Britain’s Foreign Secretary Dominic Rabb has vowed that “we can’t have business as usual after this crisis,” while the French government has also vowed that relations won’t return to normal after the pandemic ends.
Reinhard Buetikofer, a German Green party lawmaker who chairs the European Parliament’s delegation for relations with China, went as far as to say that “over these months China has lost Europe” in an interview with Bloomberg last month.
The EU, however, has oscillated between sounding tough and conciliatory, and has been rebuked in recent weeks for allegedly toning down statements on China’s actions and for allowing Chinese diplomats to censor an op-ed written by European ambassadors.
Speaking to a group of German diplomats in May, the EU’s foreign chief Josep Borrell reportedly said that “analysts have long talked about the end of an American-led system and the arrival of an Asian century. This is now happening in front of our eyes.” He added that the EU faces rising “pressure to choose sides.”
Instead, the bloc “should follow our own interests and values and avoid being instrumentalized by one or the other,” Borrell said, according to news reports.
Like the EU, Germany also has no enthusiasm to pursue a Washington-like approach of confrontation with China, nor is it ready to align completely with the US in what some see as an emerging new Cold War.
Indeed, as the major power within the EU, German politicians remain committed to the idea of Europe carving out its own position in the increasingly fraught US-China superpower rivalry.
“We should not fall into a new bipolarity, but rather try to include a country like China and treat it at least equally, based on our results and experiences with multilateralism,” Merkel reportedly said at the American Academy in Berlin in January.
Berlin’s position on China has been complicated since 2017, after Trump took office and relations between the US and Europe – including with Germany – severely deteriorated.
Trump regularly attacks European politicians, has imposed tariffs on European exports and has repeatedly claimed that either European states don’t pay enough into the NATO security alliance or that the US could leave the alliance altogether.
Even if there was a willingness in Berlin to choose sides between the US and China, the Trump administration’s policies have made that decision much harder for European governments.
Yet, as with much of German politics, the question also boils down to the personal desires of Merkel herself.
The chancellor plans to step down next year, at which time she would have spent 16 years on the job.

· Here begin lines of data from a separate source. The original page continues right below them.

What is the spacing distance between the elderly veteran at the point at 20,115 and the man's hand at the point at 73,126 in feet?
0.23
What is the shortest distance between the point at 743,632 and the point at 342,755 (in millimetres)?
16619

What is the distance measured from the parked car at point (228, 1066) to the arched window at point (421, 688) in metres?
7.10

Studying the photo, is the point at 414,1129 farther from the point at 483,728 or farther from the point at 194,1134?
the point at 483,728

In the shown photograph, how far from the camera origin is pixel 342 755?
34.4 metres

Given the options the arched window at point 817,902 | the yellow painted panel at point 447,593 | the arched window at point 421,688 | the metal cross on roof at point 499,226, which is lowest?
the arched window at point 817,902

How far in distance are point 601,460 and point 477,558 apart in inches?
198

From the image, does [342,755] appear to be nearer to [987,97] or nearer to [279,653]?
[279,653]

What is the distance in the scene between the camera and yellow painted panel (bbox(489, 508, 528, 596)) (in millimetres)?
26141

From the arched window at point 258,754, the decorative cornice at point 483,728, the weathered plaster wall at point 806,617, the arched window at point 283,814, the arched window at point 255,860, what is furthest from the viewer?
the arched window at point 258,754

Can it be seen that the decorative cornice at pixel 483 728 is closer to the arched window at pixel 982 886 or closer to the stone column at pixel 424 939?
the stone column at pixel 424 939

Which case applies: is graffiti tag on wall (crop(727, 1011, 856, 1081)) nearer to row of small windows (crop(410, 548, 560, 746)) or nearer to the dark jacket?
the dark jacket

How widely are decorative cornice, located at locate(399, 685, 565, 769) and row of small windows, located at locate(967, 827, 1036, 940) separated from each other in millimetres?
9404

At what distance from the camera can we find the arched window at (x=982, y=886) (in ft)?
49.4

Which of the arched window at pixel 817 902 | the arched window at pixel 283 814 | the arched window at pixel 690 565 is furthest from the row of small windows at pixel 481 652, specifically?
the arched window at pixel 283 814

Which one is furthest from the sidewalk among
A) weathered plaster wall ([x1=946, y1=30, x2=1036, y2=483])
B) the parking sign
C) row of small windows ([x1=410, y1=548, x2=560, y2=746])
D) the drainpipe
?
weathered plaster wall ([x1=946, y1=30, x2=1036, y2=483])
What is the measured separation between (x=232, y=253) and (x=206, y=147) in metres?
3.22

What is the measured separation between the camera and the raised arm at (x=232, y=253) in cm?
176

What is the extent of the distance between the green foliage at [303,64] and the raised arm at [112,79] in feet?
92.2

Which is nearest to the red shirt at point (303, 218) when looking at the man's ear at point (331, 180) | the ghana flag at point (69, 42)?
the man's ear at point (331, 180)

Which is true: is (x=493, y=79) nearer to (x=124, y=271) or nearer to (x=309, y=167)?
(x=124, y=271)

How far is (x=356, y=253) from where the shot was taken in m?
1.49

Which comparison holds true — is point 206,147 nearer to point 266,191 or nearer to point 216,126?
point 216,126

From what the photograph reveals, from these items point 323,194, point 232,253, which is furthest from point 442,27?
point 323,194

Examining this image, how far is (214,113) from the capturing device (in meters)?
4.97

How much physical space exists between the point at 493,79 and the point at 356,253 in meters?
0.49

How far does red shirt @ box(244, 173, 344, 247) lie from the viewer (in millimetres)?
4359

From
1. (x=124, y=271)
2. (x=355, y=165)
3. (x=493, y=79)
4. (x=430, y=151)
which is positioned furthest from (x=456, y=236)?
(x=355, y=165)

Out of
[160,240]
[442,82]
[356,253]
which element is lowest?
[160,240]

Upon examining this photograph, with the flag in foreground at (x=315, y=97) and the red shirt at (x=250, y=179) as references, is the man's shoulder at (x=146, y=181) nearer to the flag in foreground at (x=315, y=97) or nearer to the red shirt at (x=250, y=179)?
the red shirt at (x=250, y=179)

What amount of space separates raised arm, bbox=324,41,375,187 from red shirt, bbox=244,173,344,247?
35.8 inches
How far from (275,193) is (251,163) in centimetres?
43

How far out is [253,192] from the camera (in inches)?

Because of her long domination of German politics, her policy towards China is Germany’s policy. What happens when she leaves office, however, is another matter.
Of her four most likely replacements, two already advocate for a tougher line on China, while the other two are more in agreement with Merkel’s current more conciliatory position, pundits note.
From now until Merkel’s resignation, it is unlikely that Berlin will depart in a significant way from its current line, yet its stance may look increasingly out of step with a Europe that is hardening its attitude against China.
Europe’s divided opinion may be vocally apparent if leaders meet as scheduled in Leipzig in September. But tough decisions await the next German leader, whoever that might be.
“Going forward,” Barkin said, “it will be impossible for Germany to have its cake and eat it too.”